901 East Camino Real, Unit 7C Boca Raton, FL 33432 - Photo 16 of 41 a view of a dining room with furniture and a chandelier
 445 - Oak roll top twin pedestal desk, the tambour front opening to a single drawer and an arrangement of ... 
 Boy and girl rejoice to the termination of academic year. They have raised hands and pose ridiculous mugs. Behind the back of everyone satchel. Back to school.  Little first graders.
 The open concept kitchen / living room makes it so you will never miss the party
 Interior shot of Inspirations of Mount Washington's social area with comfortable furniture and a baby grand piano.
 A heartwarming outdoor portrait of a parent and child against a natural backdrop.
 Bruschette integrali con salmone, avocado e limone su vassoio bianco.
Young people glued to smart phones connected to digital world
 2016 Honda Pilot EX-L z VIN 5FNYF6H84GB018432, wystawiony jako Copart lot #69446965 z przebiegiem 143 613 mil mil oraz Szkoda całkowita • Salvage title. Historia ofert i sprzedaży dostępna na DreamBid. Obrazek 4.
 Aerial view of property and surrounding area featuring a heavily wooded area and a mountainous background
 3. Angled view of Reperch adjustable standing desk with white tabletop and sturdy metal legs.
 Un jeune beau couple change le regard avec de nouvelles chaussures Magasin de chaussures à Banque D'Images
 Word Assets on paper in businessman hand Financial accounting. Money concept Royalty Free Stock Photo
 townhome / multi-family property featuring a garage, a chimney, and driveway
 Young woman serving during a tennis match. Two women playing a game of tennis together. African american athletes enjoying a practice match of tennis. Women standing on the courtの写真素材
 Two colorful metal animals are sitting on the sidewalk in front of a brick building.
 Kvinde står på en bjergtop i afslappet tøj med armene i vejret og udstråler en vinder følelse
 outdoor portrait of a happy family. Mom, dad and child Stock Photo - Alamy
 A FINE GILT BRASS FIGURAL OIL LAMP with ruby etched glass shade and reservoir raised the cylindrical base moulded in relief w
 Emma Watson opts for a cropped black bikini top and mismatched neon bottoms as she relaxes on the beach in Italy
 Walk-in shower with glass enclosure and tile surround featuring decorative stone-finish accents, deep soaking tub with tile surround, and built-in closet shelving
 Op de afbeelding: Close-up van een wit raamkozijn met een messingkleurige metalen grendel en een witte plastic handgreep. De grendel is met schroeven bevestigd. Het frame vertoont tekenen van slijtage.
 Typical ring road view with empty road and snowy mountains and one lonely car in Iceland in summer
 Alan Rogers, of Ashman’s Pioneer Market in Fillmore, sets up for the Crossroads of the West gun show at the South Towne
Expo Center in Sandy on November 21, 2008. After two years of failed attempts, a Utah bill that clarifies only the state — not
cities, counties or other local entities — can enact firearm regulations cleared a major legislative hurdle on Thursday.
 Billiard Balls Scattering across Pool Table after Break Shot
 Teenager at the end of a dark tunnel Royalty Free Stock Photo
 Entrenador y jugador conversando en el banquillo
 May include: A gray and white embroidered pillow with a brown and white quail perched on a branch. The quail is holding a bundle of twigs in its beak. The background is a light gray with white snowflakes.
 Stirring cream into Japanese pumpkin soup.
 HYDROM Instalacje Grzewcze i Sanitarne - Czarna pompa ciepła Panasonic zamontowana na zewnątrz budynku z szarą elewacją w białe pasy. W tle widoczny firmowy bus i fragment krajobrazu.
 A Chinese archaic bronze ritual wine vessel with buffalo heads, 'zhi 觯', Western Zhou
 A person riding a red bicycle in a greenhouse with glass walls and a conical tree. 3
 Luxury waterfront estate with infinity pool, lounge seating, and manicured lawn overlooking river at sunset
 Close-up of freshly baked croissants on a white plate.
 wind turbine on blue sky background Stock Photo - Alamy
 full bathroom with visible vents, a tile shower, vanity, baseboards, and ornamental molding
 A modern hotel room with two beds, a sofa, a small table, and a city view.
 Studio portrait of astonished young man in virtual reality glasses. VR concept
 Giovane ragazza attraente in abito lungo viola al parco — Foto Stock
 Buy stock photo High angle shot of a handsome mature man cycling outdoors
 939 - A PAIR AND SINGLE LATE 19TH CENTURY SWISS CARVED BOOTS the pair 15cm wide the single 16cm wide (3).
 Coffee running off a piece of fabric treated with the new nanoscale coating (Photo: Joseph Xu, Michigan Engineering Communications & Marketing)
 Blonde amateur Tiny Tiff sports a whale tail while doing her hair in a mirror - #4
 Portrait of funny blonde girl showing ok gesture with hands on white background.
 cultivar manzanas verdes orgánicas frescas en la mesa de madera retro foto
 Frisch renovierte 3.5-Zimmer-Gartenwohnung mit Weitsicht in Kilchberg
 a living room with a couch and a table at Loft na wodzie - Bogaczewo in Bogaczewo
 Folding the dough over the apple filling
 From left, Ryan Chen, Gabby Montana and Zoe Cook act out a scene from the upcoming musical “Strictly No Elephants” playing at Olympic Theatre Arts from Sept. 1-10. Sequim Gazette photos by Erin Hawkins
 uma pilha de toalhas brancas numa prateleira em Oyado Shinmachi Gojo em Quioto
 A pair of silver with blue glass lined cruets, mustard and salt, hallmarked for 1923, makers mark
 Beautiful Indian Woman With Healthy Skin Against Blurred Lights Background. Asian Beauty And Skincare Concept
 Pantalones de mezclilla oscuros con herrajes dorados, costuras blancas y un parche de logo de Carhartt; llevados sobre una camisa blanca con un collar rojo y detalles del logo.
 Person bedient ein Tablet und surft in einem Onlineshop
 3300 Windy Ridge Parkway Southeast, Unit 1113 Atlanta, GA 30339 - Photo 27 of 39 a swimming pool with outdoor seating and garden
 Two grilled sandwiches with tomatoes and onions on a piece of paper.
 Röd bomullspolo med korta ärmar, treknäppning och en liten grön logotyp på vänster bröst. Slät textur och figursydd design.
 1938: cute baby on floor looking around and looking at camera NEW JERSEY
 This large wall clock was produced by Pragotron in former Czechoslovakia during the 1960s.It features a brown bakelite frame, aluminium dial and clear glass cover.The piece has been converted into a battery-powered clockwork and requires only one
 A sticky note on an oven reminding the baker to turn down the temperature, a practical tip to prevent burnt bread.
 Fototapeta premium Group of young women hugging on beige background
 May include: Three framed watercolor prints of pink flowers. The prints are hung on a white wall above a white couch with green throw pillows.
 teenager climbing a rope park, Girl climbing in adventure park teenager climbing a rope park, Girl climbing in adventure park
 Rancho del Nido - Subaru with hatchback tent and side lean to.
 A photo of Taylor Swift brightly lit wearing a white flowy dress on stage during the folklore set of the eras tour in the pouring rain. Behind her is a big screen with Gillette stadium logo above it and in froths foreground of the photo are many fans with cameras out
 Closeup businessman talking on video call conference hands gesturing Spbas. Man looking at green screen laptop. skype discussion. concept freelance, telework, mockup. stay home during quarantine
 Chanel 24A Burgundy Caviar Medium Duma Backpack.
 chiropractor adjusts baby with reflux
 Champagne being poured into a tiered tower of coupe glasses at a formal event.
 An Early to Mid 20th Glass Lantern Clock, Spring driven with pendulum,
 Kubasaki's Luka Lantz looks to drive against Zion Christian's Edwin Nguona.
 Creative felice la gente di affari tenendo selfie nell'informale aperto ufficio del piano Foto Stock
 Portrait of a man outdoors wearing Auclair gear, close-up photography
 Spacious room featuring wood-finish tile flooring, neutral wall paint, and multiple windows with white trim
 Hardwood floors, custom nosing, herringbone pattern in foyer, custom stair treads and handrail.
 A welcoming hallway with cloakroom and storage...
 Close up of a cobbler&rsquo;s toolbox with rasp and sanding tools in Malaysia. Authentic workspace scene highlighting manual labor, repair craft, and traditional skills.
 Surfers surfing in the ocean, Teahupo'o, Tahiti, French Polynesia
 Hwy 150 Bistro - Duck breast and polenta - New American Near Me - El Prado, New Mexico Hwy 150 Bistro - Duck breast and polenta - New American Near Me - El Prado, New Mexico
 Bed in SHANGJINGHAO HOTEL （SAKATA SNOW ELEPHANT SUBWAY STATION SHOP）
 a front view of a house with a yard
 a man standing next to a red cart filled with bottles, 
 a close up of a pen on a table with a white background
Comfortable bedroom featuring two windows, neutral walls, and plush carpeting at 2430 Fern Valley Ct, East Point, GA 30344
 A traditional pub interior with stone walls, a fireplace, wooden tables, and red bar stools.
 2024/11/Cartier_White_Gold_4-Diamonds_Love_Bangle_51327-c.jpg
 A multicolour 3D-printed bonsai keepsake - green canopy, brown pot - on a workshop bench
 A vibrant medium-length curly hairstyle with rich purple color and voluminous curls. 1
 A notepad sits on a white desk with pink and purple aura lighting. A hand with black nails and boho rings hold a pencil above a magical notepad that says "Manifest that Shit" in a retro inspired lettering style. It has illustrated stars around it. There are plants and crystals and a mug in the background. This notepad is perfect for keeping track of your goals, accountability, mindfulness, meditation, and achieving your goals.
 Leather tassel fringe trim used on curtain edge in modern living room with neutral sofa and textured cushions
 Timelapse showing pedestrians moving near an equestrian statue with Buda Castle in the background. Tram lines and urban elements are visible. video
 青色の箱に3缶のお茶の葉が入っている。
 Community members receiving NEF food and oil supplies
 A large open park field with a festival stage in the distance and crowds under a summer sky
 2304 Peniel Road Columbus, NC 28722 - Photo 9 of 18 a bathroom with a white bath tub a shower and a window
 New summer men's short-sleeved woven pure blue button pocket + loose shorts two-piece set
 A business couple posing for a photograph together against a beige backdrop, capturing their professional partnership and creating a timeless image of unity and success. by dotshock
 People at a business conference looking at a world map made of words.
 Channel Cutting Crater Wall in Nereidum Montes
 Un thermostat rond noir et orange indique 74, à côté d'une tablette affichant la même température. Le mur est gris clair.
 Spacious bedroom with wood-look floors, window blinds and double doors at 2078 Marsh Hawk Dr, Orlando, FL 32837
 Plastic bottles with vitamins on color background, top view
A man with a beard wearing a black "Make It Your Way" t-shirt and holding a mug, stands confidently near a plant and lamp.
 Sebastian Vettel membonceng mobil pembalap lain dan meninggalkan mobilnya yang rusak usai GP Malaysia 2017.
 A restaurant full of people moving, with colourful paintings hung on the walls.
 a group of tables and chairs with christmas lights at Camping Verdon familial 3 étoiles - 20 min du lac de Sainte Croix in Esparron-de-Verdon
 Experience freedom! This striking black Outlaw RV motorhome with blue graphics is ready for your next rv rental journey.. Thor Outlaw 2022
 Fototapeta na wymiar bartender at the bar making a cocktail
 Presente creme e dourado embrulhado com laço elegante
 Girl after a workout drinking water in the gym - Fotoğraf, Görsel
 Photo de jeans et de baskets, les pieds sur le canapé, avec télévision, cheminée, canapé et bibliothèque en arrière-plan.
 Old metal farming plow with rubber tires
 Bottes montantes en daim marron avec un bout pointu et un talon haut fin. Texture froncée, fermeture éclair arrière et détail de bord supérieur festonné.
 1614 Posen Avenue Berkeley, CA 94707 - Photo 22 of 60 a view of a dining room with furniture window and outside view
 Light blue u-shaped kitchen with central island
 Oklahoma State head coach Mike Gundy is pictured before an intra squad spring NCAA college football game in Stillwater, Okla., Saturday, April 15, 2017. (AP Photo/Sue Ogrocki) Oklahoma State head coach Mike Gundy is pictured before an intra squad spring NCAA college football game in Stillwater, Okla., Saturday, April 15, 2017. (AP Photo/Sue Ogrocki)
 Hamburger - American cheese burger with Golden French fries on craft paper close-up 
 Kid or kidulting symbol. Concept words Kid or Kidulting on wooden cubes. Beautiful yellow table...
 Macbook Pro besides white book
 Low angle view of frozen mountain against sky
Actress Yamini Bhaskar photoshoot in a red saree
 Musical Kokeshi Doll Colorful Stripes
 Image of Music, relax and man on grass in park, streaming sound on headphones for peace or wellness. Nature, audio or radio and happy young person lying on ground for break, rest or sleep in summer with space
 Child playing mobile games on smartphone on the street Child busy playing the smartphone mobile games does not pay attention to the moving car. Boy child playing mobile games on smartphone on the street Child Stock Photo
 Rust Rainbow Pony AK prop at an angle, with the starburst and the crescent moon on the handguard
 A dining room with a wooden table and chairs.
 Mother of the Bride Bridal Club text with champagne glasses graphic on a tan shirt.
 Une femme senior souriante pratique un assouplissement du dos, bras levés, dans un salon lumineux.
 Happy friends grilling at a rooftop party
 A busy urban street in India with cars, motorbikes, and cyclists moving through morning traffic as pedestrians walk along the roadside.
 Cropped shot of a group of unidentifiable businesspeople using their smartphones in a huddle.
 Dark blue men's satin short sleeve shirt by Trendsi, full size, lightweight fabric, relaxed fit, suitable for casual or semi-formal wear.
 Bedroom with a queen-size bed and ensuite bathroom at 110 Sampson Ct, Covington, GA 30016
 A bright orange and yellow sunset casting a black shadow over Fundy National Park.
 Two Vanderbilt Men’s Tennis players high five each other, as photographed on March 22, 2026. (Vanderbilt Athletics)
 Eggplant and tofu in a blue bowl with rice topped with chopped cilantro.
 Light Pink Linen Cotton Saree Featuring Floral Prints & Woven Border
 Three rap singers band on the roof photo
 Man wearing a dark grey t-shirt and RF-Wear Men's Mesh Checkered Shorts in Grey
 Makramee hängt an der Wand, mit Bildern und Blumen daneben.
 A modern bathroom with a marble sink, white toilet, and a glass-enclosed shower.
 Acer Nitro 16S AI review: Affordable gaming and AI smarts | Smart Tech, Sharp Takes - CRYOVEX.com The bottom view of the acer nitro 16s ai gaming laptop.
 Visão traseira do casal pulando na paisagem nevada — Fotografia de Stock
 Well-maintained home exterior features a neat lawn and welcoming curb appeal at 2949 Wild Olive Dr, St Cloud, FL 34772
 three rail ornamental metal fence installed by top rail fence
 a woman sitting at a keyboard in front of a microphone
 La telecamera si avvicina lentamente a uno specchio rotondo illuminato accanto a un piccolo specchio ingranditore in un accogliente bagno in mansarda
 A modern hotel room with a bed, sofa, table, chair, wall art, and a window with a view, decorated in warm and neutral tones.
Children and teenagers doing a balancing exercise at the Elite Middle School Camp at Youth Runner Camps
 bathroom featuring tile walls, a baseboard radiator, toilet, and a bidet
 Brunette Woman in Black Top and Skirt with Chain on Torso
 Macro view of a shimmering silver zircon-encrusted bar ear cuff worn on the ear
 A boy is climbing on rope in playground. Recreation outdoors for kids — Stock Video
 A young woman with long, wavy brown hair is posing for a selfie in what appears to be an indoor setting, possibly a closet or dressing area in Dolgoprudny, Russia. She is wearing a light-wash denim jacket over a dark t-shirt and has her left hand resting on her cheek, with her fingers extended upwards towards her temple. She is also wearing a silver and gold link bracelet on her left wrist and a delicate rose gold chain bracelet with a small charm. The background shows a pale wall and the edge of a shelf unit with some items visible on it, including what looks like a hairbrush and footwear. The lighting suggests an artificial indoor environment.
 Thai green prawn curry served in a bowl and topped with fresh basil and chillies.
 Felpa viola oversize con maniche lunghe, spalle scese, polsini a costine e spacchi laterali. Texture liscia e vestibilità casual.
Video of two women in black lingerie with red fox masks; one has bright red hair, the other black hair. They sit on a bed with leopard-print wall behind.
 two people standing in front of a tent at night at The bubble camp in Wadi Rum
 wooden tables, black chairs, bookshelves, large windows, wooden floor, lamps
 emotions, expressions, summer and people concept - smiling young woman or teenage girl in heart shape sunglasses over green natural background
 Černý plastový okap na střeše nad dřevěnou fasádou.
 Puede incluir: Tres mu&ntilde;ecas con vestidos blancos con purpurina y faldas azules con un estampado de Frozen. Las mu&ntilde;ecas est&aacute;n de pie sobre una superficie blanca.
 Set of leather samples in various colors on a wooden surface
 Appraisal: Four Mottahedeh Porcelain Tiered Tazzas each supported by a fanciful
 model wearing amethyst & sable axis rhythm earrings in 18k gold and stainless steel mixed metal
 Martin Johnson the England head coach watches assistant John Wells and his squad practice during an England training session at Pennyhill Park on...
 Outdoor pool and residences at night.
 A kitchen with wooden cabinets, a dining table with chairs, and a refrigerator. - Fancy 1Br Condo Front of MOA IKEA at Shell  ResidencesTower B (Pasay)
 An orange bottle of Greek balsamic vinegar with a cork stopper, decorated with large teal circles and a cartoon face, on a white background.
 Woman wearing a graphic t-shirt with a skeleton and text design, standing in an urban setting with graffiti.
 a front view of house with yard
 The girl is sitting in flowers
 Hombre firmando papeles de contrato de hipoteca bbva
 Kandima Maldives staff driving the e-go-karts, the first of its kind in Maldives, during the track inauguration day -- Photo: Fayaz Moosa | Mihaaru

INSTRUCTIONS FOR THE TASK: Reproduce exactly the first line of the listing and every line after it, through the one containing "Aerial view of". Nothing else belongs in the output.

ANSWER BELOW:
901 East Camino Real, Unit 7C Boca Raton, FL 33432 - Photo 16 of 41 a view of a dining room with furniture and a chandelier
 445 - Oak roll top twin pedestal desk, the tambour front opening to a single drawer and an arrangement of ... 
 Boy and girl rejoice to the termination of academic year. They have raised hands and pose ridiculous mugs. Behind the back of everyone satchel. Back to school.  Little first graders.
 The open concept kitchen / living room makes it so you will never miss the party
 Interior shot of Inspirations of Mount Washington's social area with comfortable furniture and a baby grand piano.
 A heartwarming outdoor portrait of a parent and child against a natural backdrop.
 Bruschette integrali con salmone, avocado e limone su vassoio bianco.
Young people glued to smart phones connected to digital world
 2016 Honda Pilot EX-L z VIN 5FNYF6H84GB018432, wystawiony jako Copart lot #69446965 z przebiegiem 143 613 mil mil oraz Szkoda całkowita • Salvage title. Historia ofert i sprzedaży dostępna na DreamBid. Obrazek 4.
 Aerial view of property and surrounding area featuring a heavily wooded area and a mountainous background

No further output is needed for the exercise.